Wow, terribly story. And while Capt. Lore should never have been allowed to keep his captain's ticket, Kenneth Rossignol, who wrote that story for the St. Mary's Today, should never, ever be allowed to torture the English language again. Dear god, that story was the Abu Ghraib of written pieces :--|


----------



## Fishbreath (Nov 11, 2004)

old linesides said:


> I'll bet you don't remember this . I used to fish down there all the time . I still can't believe the captain was exonerated of all charges . There is no friggin way that boat should have been in the water . Ironically , that boat is now docked in OC and is still fishing , only this time as a commercial clammer , potter , and whatever else they can use it for . They salvaged the boat , refit it , and sailed it to OC and rigged for ocean commercial . Oh how we forget . http://www.stmarystoday.com/El Toro II Sinking 10 Years Later.htm


I remember that vividly. I also remember the chill I felt reading it as I was thinking about going out with him one last time that year...YIKES!


----------



## finfinder (Sep 17, 2004)

READ THE ARTICLE FOR YOURSELF.

It explains a great deal as to why Captain Lore was exonerated. The Coast Guard screwed this up so bad. The news guys never told what the real deal was. It guess it wasn't newsworthy.

The article seems to go out of its way to say how the boat was in terrible shape but the Coast Guard passed it. Were they blind ?


----------



## finfinder (Sep 17, 2004)

article quote:

Three people died after being left to float in the frigid waters of the Potomac River as a result of a bone-headed decision of the U. S. Coast Guard boat commander involved in the rescue.

The three dead from the El Toro II included 2 men from St. Mary’s County. 

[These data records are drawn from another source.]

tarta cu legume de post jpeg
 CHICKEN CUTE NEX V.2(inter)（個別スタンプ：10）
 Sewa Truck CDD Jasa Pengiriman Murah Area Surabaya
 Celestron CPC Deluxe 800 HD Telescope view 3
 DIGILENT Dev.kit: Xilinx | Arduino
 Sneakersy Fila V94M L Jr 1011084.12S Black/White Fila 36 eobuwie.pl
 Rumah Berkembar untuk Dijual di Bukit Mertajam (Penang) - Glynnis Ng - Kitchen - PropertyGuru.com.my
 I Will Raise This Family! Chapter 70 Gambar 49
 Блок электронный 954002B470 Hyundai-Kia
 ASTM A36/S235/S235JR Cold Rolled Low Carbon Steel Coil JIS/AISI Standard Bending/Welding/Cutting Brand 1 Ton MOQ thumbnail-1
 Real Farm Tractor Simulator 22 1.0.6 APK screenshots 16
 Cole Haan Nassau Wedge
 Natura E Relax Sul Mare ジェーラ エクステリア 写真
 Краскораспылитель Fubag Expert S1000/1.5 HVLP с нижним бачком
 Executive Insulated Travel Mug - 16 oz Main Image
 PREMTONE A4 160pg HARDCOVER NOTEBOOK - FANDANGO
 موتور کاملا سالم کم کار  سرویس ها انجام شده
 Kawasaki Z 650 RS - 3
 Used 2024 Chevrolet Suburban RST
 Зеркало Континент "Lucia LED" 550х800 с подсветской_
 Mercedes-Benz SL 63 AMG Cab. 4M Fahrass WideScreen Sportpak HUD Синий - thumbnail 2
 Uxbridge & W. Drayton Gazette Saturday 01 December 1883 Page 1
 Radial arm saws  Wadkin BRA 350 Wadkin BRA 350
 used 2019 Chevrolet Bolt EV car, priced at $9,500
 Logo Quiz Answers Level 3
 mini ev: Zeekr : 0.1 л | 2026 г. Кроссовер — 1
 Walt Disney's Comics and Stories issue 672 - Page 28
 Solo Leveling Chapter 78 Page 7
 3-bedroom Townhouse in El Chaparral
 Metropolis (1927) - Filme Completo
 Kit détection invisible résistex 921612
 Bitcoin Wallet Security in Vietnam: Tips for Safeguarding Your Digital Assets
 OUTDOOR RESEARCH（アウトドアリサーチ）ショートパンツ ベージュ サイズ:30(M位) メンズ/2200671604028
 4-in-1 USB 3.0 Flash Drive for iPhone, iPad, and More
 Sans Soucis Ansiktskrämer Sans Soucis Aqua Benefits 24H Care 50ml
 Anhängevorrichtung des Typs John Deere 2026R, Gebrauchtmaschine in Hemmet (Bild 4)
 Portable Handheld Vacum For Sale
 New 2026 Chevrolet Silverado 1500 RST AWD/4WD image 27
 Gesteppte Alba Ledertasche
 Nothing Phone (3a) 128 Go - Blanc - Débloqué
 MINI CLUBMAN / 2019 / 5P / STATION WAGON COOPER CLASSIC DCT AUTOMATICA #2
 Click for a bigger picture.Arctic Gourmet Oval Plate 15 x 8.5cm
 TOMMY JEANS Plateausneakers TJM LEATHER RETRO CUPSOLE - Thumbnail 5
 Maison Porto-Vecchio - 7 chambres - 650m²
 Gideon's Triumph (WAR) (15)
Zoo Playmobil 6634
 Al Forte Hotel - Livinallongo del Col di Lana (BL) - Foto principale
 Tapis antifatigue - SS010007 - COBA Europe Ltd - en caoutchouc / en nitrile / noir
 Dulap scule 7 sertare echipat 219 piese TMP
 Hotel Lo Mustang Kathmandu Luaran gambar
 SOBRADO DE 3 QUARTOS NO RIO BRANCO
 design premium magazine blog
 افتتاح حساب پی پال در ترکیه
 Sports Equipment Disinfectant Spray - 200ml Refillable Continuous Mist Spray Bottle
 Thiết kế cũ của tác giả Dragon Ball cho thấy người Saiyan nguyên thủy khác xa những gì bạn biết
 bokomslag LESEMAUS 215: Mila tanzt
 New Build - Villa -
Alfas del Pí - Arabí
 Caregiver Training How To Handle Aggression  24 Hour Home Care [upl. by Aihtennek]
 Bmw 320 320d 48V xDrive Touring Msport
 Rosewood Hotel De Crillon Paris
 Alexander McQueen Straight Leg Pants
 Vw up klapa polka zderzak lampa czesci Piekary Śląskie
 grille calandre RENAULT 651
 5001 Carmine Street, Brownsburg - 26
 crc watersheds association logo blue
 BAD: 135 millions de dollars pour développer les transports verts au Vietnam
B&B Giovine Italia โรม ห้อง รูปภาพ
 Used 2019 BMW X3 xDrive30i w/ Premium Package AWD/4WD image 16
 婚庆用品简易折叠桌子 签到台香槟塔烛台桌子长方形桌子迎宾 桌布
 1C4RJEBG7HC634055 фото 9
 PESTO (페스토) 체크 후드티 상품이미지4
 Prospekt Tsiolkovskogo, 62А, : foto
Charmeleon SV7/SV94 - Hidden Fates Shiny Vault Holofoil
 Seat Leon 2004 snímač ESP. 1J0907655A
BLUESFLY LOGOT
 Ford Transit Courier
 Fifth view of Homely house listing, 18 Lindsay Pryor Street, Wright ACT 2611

The Coast Guard also bore responsibility for allowing the El Toro II to operate, even though it was a poorly designed and built boat, had long outlived its useful life and even though it was in horrible condition, was passed by incompetent Coast Guard inspectors as being safe

endquote:

It sounds like we have more to fear from the Coast Guard than Captain Lore.


----------